One company that has done a fantastic job on the dividend
front is Johnson & Johnson (NYSE:JNJ). In fact, because of JNJ stock’s
strong share-price performance, not only has it provided reliable passive
income, but it has also allowed some investors to retire early. Over the past
20 years, the total return from Johnson & Johnson stock is over 450%.
Obviously, that massive return also means JNJ stock is more
expensive than before. Indeed, from a valuation perspective, Johnson &
Johnson stock isn’t cheap compared to its past or its peers.

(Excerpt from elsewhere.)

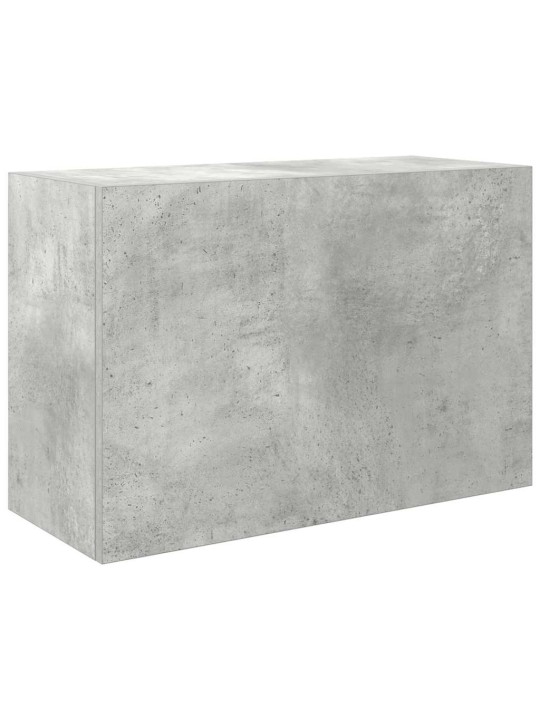 Kylpyhuoneen seinäkaappi betoninharmaa 60x25x40 cm tekninen puu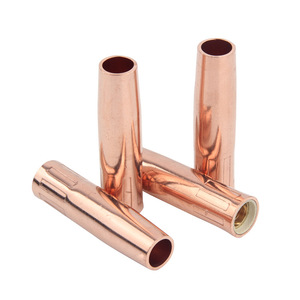 Copper Plated MIG Welding Torch Nozzle 200A 75mm Thickened Protective Cover For Metal Welding - Product Image 1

But there are still very good reasons to consider JNJ stock
for a retirement portfolio.
First, Johnson & Johnson stock yields 2.4%. That’s not
only better than what you get from any savings account these days, but also
higher than the average dividend yield of all S&P 500 companies, which is
1.3% at the moment. (Source: “S&P 500 Dividend Yield,” multpl.com, last
accessed August 27, 2021.)
Second, JNJ stock pays increasing dividends, so investors
who buy shares today can look forward to earning higher yield on cost in the
years ahead.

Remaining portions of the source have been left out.